Wednesday, June 11, 2014

Finishing Gores and Hiding Knots - Gray Apron Dress



While I have been in the SCA on and off since 2000, I've never had a partner who was a heavy fighter. I had absolutely no idea how much armor costs, so when Jake decided to learn we both suffered a little sticker shock.

Luckily, my sewing is a marketable skill in the SCA (or in the event of the apocalypse, as Jake and I like to joke) and a lovely lady on Facebook's SCA Medieval Barter Town group offered to trade a helm for a Viking apron dress. I promised that it would be wool, with hand-finished seams, contrasting fabric at the top and bottom, with hand-woven trim. No light project, but a fair trade to keep my husband's noggin safe from swinging rattan!

Looking at it now, I am incredibly proud of how well it turned out - and I think I finally figured out the best way to finish the seams with gores!



I started by weaving a little under five yards of trim, using a pattern I'd made previously on an online pattern generator. It's designed for an inkle loom, but works perfectly for my rigid heddle loom as well. A couple days and a lot of 5/2 cotton pearle thread later, and I had a lovely chain woven in copper, gold, and cream.  Here's a screen capture from the pattern generator:




But that was just the beginning! Once I had the fabric, I needed to draft the pattern and actually create the garment. I chose a fairly standard apron-dress pattern, which I have seen on so many different sites that I don't know who to credit. Essentially, it's a tube with a slightly fuller skirt: three body pieces that flare at the bottom and three gores sewn between them. Add in straps and loops, and you're done.

I started off the project by making a muslin out of... well, muslin. Since I do so much Medieval and Viking sewing, it's just easier to make my pattern pieces out of an inexpensive fabric. Think about the last time you used a tissue pattern. They have a bit of a flyaway issue, and serve as nearly impossible to ignore cat toys. Fabric does a much better job of sticking in place, and it doesn't tear on you nearly as easily!
A fantastic thing about this pattern is how efficient its use of fabric is, but it does mean that one of the gores needs to be pieced together. I went ahead and finished its seams first, to make it ready for the next step: Sewing it between two of the body pieces. For this I used something I read in Østergård's Woven Into The Earth. On pg. 99, she says of figure 67, "Gussets on sleeves and hoods are inserted to lie under the cloth..." Now that's a couple of centuries later than this garment, but the use of gores/gussets has a long history and I don't have any better documentation yet.

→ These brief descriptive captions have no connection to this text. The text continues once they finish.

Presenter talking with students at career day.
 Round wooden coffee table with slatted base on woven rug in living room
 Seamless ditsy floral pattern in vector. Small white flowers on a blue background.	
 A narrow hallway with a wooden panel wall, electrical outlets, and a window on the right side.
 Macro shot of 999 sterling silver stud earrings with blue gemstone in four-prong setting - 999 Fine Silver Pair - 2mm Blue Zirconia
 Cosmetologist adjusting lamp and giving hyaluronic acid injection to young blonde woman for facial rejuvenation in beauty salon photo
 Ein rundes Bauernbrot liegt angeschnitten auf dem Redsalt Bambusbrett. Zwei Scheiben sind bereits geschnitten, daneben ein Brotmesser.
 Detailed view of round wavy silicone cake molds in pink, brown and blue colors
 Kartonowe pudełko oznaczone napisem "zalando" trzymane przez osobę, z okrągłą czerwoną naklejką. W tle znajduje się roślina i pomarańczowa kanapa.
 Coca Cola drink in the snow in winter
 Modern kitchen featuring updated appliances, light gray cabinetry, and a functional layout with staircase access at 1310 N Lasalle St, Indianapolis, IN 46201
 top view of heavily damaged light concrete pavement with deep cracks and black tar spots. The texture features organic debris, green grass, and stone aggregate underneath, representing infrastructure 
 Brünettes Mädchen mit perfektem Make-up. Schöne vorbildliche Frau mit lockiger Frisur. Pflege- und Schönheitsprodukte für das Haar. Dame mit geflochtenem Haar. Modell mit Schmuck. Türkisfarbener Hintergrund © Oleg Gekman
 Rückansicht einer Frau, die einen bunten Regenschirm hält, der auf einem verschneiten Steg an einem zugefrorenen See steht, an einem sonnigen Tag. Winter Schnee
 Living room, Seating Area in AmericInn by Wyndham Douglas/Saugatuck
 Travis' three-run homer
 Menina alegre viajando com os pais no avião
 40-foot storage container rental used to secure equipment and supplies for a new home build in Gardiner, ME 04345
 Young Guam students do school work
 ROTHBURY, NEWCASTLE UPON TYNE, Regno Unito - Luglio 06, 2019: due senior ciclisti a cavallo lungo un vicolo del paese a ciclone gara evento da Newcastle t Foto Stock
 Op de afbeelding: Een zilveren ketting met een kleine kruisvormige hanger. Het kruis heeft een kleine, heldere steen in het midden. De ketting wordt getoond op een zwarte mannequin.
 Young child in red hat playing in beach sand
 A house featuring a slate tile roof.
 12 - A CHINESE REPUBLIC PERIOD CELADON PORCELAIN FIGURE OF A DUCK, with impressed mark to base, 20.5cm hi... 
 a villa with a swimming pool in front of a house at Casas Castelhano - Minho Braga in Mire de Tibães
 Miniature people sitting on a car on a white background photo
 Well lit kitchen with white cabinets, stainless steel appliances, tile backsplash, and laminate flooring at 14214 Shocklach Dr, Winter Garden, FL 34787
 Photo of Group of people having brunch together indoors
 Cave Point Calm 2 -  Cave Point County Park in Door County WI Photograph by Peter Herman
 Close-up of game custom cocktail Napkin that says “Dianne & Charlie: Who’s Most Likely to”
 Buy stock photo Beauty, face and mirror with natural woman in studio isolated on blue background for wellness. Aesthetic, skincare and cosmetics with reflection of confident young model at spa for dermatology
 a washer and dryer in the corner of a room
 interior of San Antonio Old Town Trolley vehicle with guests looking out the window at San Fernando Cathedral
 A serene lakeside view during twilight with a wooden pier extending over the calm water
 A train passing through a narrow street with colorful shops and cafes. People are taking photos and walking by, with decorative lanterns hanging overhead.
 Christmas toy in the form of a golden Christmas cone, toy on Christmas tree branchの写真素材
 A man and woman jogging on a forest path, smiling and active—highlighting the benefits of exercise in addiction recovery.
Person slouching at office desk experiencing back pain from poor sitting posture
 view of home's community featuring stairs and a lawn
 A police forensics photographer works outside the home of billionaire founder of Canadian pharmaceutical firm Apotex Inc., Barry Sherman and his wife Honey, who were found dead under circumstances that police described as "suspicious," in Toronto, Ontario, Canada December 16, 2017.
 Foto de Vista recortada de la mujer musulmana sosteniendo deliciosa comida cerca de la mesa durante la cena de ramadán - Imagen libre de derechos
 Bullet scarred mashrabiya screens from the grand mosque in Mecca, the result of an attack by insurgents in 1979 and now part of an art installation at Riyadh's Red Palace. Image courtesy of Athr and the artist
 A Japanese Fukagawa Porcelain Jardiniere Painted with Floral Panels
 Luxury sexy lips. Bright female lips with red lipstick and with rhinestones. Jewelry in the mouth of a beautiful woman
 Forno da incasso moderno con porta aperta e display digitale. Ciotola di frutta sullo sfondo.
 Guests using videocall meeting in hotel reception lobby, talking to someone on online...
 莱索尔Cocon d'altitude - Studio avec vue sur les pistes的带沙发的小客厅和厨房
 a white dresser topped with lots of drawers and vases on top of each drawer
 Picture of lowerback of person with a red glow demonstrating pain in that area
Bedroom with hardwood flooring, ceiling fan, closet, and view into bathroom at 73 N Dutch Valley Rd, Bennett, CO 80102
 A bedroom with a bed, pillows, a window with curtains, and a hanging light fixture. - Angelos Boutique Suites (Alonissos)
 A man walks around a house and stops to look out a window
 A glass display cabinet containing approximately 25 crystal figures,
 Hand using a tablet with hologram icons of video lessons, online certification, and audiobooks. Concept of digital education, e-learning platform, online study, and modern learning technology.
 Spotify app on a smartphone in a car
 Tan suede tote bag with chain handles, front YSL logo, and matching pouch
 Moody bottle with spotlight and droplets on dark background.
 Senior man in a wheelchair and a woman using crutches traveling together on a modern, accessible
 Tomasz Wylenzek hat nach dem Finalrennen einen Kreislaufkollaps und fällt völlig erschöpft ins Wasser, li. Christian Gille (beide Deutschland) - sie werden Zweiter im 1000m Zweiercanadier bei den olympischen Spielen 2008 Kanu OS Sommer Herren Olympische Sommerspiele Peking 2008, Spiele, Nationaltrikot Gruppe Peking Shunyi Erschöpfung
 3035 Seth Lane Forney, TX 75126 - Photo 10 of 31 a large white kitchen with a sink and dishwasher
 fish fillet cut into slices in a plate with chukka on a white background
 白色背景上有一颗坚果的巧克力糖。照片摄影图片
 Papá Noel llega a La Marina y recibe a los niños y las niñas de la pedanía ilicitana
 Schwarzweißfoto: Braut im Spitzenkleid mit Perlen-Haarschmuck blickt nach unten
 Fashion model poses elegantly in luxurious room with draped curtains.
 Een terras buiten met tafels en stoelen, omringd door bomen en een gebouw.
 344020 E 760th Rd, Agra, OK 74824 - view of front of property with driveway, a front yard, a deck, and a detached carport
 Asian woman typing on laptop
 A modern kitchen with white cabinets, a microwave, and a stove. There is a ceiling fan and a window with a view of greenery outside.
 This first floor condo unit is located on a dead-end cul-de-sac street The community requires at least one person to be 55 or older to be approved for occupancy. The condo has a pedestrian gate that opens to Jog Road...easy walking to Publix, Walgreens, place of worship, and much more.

I stopped at the junction of the seam allowance and left a neat little point. After that, I finished the first side of the seam, making sure that the other side would look like an unbroken line of stitches. While this is also shown on the same page of Østergård's, I've seen it or something similar in Crowfoot and Wild as well.
After sewing up one side of the seam, I came back down the other. This time I took a little detour and, without allowing my needle to come out the front, sewed down the rest of the point before carefully coming right back to where I left off.

From there you just keep moving on down the seam! But what do you do if you run out of thread before you finish the seam? Yes, it's time to talk about knots. I've talked to a lot of other sewers over the years, and some will shout and rave about using knots and others will do the same about the opposite. It gives me a headache, so I just hide my knots.

What works best for me is to sew the last stitch I can, and then pick up the seam allowance I'm sewing down. I will then line up my needle, with fresh thread, and carefully line it up right next to my previous stitch.

I pull the new stitch through the fabric until only a short tail remains. Next I use my needle to pull out the last stitch of the old thread.

I tie the two small ends tightly together several times until it's secure, then I pull them over until they're sandwiched between the seam allowance and the fabric.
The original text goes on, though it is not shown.